Pushback is a “red-flag.” Good financial practices should have nothing to fear from thorough scrutiny. The more pushback the higher the risk meter should rise.

Verification of billing accuracy / support would seem an innate right of any large company spending millions of dollars with a vendor (yes, even in Marketing).

What should you do? (1) in the near term amend the current Client-Agency Agreement to add a Right to Audit clause – and make it retroactive for at least 3 years; (2) add a Right to Audit clause within an ancillary document such as a Statement of Work (SOW) or an annual amendment to the Master Client-Agency Agreement; or (3) create a new document signed by both parties creating a Right to Audit and adding it to the vendor master file.

Ensure the audit clause is
well-defined and comprehensive.
For a guide, contact AARM at info@aarmusa.com

Once Audit Rights are established, a best practice and preventative control measure is to implement periodic and routine testing to deter wasteful practices, to identify errant billing transactions and to monitor key financial metrics. Testing should be performed at least annually, and always in cases where an agency relationship has been terminated (“transition audit”).

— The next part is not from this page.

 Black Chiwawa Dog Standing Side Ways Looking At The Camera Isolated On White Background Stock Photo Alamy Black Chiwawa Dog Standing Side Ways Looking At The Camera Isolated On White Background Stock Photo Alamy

The audit concept also applies to systematic (or continuous) monitoring processes. A systematic monitoring program measures agency financial transactions, reporting and timing against a predetermined set of tolerances. Metrics are compiled and delivered at least monthly to stakeholders. Systematic monitoring is generally performed by an independent third-party with specialized software, and the Advertiser often chooses to share results with the agency – to support incentive compensation goals of and or a basis for behavior modification.

Right to Audit is a necessary safeguard in today’s business environment. Determining a schedule, methodology, and defined approach that encompass at some level each vendor in the organization’s marketing network will provide necessary assurance to management that adequate oversight and preventative controls are in place to catch errors, drive efficiencies and enhance ROI.